Task data:
• • • • • • •
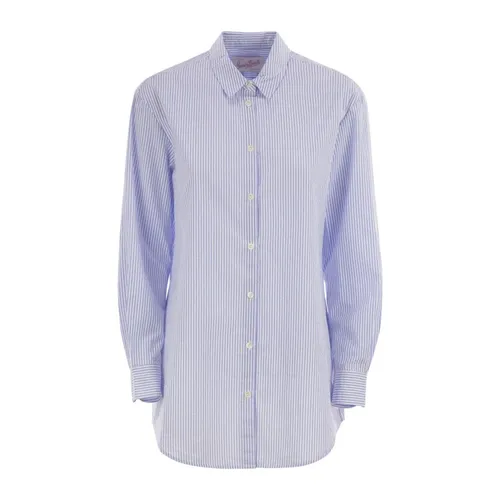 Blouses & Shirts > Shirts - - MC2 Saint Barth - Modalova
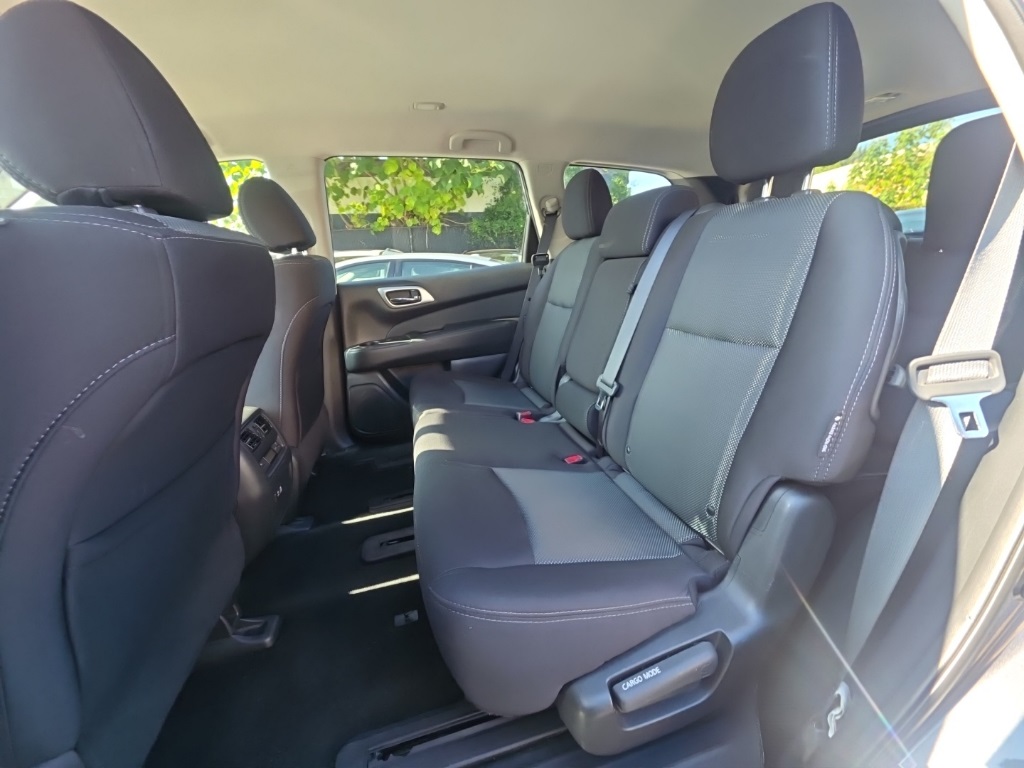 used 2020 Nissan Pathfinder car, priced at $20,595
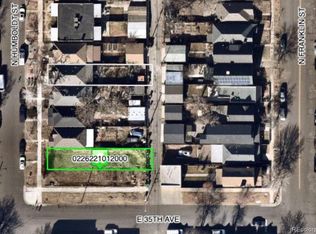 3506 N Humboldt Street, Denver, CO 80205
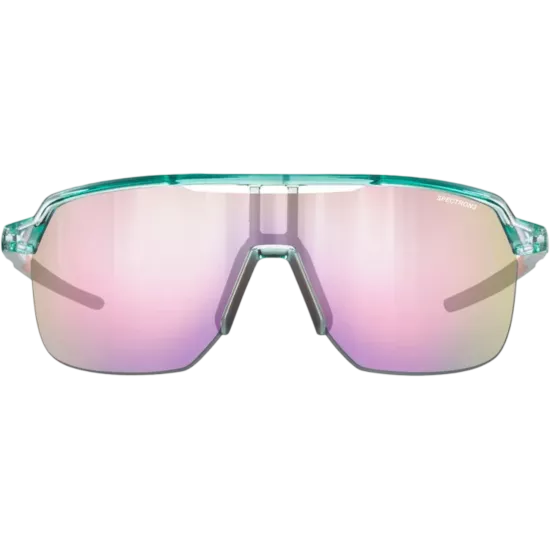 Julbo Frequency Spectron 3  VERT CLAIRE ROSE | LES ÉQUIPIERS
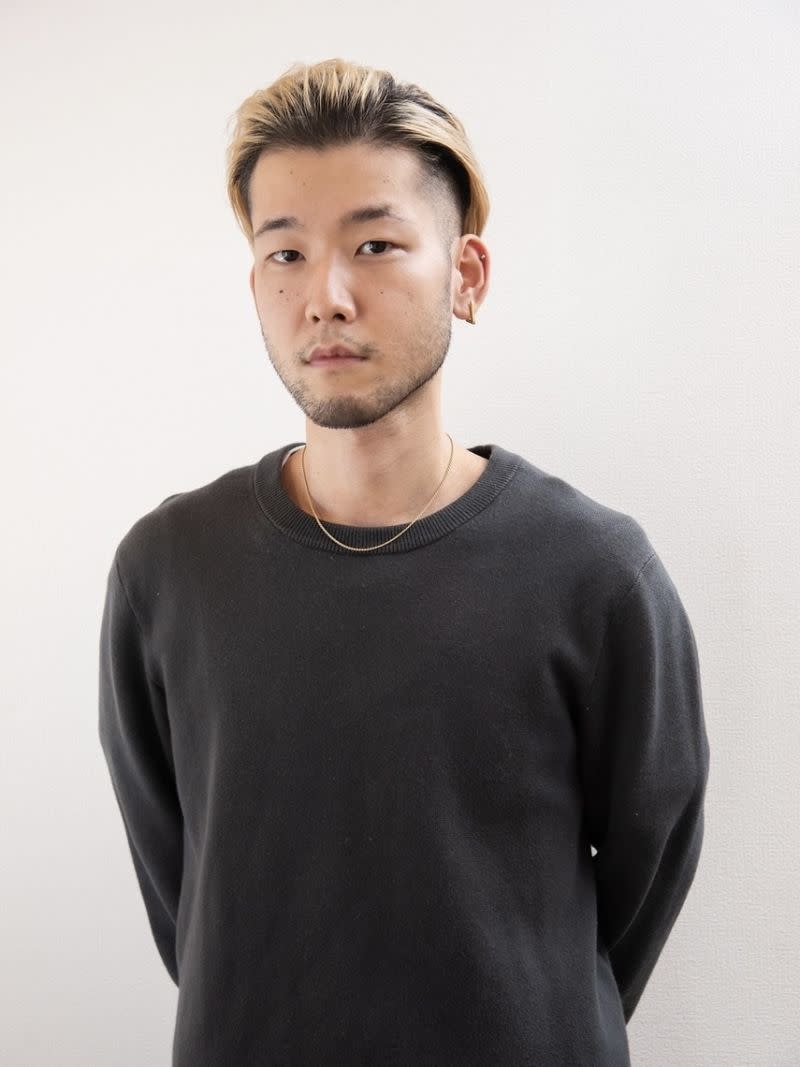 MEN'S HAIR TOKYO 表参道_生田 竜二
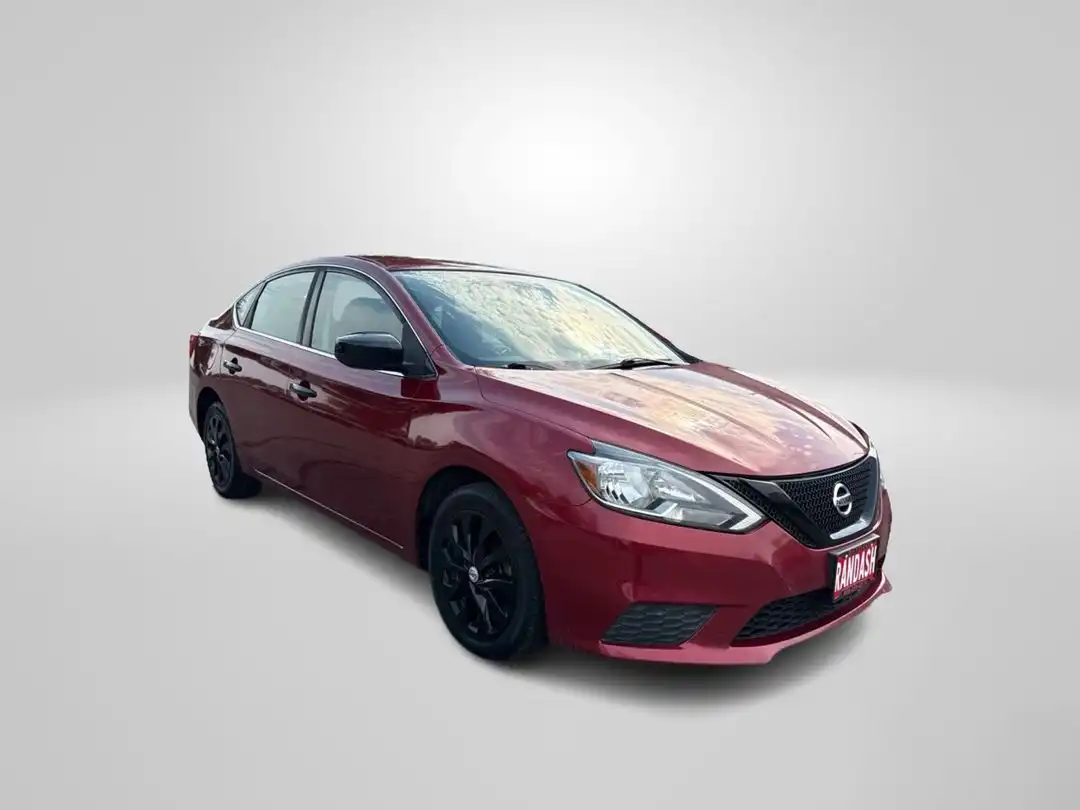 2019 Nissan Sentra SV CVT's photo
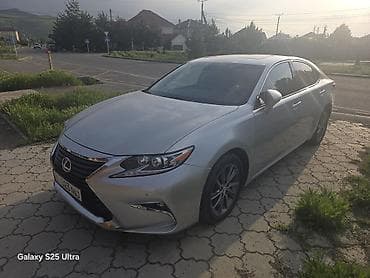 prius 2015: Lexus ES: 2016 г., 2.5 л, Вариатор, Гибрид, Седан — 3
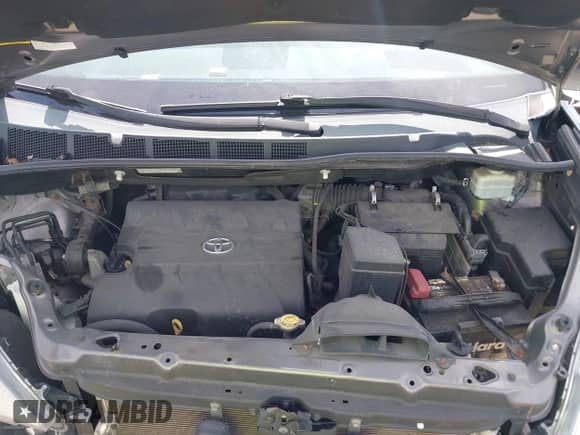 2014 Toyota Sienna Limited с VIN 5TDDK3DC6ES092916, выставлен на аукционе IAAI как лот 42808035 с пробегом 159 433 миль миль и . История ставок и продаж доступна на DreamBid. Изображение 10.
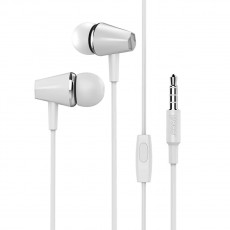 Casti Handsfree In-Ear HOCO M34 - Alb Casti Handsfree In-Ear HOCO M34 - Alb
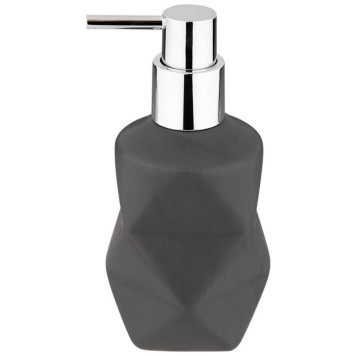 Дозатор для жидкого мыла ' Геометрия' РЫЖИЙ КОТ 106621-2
• • • • • • •
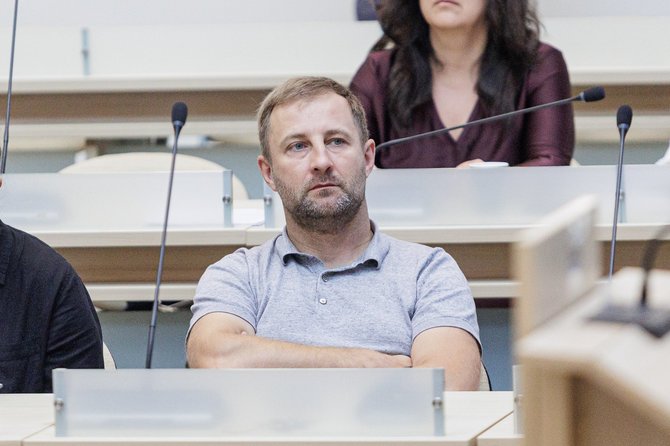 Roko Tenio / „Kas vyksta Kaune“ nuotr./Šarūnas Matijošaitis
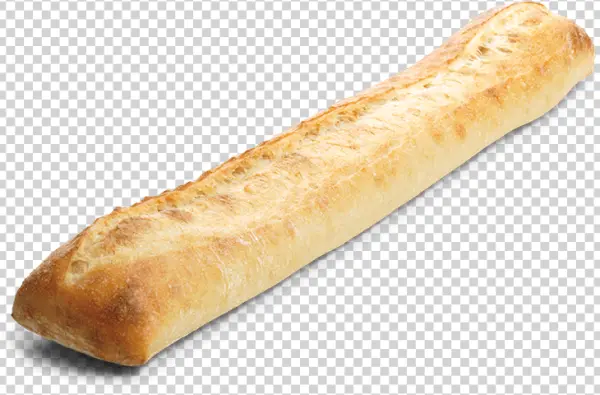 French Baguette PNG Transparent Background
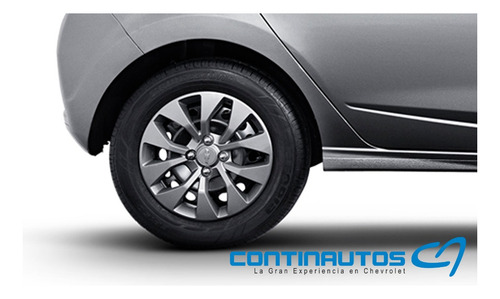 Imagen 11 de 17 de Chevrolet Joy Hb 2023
• • • • • • •
Work required: Restate word for word every line from the one with "Blouses & Shirts" up to and including the one with "Дозатор для жидкого" in the records above, minus the pictures.

The completed task:
 Blouses & Shirts > Shirts - - MC2 Saint Barth - Modalova
 used 2020 Nissan Pathfinder car, priced at $20,595
 3506 N Humboldt Street, Denver, CO 80205
 Julbo Frequency Spectron 3  VERT CLAIRE ROSE | LES ÉQUIPIERS
 MEN'S HAIR TOKYO 表参道_生田 竜二
 2019 Nissan Sentra SV CVT's photo
 prius 2015: Lexus ES: 2016 г., 2.5 л, Вариатор, Гибрид, Седан — 3
 2014 Toyota Sienna Limited с VIN 5TDDK3DC6ES092916, выставлен на аукционе IAAI как лот 42808035 с пробегом 159 433 миль миль и . История ставок и продаж доступна на DreamBid. Изображение 10.
 Casti Handsfree In-Ear HOCO M34 - Alb Casti Handsfree In-Ear HOCO M34 - Alb
 Дозатор для жидкого мыла ' Геометрия' РЫЖИЙ КОТ 106621-2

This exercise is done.